The disclosure further provides a method of completing a wellbore that in one-non-limiting embodiment includes: providing a completion assembly that includes a tubular member having at least one packer to isolate a zone between the completion assembly and the wellbore and a flow control device below the at least one packer for closing the flow of a fluid through the tubular member, wherein the flow control device includes a valve having a fluid flow path and a seal member configured to close the fluid flow path and a fluid-activated device that cycles each time a pressure differential is created across the fluid flow path and moves the seal member to close the valve after completion of a selected number of cycles; running in the completion assembly in the wellbore with the valve in an open position; and creating pressure differential across the fluid flow path a selected number of times to close the flow of the fluid through the tubular.
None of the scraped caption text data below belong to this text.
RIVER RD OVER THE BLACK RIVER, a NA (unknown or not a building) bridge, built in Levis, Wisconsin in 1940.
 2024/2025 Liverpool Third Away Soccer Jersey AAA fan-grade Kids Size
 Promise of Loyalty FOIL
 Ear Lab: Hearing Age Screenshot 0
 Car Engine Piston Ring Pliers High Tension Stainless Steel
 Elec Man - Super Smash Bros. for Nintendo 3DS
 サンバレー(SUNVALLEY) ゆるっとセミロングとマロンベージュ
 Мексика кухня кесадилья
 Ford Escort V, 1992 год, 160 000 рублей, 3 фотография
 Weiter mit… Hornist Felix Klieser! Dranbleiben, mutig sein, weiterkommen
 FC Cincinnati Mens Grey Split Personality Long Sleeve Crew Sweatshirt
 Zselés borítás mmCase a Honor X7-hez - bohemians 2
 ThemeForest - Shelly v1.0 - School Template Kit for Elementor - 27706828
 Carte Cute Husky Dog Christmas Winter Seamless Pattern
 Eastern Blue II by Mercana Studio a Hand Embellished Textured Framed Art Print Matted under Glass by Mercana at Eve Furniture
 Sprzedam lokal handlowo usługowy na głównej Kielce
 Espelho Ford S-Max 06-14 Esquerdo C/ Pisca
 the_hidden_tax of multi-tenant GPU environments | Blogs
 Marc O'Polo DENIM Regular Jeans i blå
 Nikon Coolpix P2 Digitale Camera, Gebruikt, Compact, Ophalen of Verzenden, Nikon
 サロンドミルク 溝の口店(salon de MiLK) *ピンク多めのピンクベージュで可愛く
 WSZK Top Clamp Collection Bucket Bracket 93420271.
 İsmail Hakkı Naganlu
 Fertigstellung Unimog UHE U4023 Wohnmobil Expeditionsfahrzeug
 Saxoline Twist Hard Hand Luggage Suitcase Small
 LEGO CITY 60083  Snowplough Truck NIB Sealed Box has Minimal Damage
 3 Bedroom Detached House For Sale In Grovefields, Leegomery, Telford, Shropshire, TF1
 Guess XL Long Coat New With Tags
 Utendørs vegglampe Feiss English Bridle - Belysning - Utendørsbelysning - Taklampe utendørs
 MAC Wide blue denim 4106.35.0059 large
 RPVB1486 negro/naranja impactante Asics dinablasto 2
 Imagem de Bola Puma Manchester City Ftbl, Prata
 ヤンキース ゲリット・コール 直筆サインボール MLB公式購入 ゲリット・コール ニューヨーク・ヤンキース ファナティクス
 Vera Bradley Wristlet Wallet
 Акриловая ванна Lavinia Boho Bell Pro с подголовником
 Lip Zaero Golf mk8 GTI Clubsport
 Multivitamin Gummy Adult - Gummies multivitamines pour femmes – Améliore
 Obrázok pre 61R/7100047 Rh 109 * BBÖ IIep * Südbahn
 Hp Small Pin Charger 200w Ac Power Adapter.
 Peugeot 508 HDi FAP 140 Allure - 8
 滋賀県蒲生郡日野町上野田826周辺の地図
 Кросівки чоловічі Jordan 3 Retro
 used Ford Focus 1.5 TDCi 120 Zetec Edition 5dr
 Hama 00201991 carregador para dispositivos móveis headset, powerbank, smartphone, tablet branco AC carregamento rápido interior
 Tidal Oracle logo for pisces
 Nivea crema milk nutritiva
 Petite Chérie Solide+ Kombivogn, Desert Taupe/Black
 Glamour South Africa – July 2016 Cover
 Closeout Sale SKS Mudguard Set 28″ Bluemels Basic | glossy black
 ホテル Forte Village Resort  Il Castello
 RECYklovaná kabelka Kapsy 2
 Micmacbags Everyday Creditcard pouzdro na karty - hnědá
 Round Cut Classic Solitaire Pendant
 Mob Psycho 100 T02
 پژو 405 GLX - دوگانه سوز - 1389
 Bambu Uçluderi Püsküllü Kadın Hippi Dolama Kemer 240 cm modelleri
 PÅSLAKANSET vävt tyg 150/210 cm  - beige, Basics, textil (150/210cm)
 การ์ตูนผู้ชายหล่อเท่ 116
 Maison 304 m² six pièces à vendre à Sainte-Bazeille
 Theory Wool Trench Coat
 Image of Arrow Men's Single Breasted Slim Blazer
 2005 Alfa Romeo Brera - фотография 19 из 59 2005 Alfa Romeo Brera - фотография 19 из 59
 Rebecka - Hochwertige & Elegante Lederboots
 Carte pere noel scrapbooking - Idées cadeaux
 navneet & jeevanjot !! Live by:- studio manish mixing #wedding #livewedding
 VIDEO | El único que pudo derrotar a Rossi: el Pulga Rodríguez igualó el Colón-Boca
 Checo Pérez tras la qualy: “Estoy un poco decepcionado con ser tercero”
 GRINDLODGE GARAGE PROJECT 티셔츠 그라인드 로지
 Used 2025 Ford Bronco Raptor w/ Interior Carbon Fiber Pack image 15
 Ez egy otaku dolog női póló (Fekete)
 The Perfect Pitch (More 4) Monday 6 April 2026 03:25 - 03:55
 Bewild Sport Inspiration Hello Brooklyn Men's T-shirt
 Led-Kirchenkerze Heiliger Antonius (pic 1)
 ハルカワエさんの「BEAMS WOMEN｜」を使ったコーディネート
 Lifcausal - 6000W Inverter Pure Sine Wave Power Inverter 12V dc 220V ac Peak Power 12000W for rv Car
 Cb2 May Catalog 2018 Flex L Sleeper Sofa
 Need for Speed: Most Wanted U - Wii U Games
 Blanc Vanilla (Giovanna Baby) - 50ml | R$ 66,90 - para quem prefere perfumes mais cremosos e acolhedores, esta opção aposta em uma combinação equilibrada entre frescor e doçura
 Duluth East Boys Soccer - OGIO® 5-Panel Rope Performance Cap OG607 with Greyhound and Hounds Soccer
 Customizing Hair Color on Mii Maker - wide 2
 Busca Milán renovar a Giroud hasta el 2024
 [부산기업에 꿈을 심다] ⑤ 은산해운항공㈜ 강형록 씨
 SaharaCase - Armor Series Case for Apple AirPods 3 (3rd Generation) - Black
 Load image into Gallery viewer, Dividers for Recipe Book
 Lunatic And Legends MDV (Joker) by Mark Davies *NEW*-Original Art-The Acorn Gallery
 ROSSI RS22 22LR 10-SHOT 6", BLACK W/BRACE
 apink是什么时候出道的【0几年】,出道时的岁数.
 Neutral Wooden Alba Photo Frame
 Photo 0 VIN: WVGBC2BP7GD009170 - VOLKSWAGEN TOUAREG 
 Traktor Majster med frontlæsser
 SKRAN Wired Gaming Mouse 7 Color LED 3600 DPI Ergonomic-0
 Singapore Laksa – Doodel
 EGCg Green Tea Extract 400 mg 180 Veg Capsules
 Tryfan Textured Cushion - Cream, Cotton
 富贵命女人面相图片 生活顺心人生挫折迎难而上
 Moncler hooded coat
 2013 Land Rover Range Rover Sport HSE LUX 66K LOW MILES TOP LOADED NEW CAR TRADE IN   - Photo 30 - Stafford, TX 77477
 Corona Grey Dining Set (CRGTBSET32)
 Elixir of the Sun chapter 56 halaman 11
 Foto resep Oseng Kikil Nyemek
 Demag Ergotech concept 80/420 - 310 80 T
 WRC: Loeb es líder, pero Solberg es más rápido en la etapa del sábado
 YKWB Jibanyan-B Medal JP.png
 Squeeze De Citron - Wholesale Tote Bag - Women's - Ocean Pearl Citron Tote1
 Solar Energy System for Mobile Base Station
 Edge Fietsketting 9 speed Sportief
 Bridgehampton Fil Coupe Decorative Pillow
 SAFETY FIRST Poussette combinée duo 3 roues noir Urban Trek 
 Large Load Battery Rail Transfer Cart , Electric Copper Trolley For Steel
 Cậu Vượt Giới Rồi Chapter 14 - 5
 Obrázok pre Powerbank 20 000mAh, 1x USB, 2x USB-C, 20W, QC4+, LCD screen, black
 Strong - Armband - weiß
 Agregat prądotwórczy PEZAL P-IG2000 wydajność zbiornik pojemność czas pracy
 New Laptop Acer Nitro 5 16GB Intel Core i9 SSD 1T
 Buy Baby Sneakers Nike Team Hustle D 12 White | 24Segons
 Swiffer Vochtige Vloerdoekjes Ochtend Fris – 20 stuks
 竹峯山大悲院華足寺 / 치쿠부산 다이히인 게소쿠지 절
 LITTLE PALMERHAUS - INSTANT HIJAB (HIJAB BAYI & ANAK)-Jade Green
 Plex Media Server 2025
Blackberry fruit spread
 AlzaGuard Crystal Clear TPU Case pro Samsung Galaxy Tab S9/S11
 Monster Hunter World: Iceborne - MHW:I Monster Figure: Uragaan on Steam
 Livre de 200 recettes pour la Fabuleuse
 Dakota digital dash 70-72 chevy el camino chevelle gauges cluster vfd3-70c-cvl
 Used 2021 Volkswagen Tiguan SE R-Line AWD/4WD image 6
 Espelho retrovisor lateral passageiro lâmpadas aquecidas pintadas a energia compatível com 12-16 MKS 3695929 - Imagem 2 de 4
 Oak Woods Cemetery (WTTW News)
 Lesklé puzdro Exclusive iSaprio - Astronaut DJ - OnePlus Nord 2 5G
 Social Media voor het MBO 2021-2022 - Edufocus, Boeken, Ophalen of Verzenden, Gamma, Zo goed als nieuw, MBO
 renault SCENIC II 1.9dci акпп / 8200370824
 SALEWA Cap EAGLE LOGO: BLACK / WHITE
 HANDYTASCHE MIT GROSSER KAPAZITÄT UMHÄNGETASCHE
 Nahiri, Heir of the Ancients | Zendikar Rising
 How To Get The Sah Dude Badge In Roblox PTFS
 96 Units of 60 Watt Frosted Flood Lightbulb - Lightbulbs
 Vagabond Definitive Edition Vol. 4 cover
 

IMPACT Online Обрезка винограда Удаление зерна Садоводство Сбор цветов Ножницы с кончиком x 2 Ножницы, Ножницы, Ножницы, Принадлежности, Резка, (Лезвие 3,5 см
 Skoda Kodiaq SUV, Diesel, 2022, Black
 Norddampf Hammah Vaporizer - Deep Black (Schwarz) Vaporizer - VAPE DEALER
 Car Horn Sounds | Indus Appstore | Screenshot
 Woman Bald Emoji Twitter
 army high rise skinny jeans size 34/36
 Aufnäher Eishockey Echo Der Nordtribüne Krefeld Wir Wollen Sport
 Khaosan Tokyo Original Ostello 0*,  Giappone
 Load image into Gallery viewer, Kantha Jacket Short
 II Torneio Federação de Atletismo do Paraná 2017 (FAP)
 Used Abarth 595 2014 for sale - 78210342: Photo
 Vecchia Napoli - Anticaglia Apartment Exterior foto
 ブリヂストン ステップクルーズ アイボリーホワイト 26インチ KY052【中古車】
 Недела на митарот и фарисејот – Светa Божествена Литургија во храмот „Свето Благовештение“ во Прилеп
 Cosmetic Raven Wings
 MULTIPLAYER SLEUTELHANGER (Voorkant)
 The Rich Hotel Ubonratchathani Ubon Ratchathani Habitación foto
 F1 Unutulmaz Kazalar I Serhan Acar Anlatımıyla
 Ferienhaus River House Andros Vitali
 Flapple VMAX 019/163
Examples of the more important features of a well treatment system and methods that have been summarized rather broadly in order that the detailed description thereof that follows may be better understood, and in order that the contributions to the art may be appreciated. There are, of course, additional features that will be described hereinafter and which will form the subject of the claims.

For a detailed understanding of the apparatus and methods disclosed herein, reference should be made to the accompanying drawings and the detailed description thereof, wherein like elements are generally given same numerals and wherein:

FIG. 1 shows an exemplary open-hole multi-zone wellbore system with a completion assembly run into the wellbore that includes a flow control device to isolate the completion assembly from the annulus between the completion assembly and the wellbore, according to one non-limiting embodiment of the disclosure;

FIG. 2 shows an non-limiting embodiment of a flow control device in an open position for use in a completion assembly, such as completion assembly of FIG. 1, for isolating the annulus between the completion assembly and an open hole wellbore;

FIG. 2A shows an exemplary cycling device that may be utilized in the flow control device of FIG. 2 to close the flow of a fluid through the completion assembly after a selected number of pressure cycles;

FIG. 3 shows the flow-activated device of FIG. 2 in an intermediate position;

FIG. 3A shows the position of the pin in a slot of the cycling device when the flow control device is in an intermediate or partially closed position as shown in FIG. 3;

FIG. 4 shows the flow-activated device of FIG. 2 in the closed position; and

FIG. 4A shows the position of the pin in a slot of the cycling device when the flow control device is in the closed position as shown in FIG. 4.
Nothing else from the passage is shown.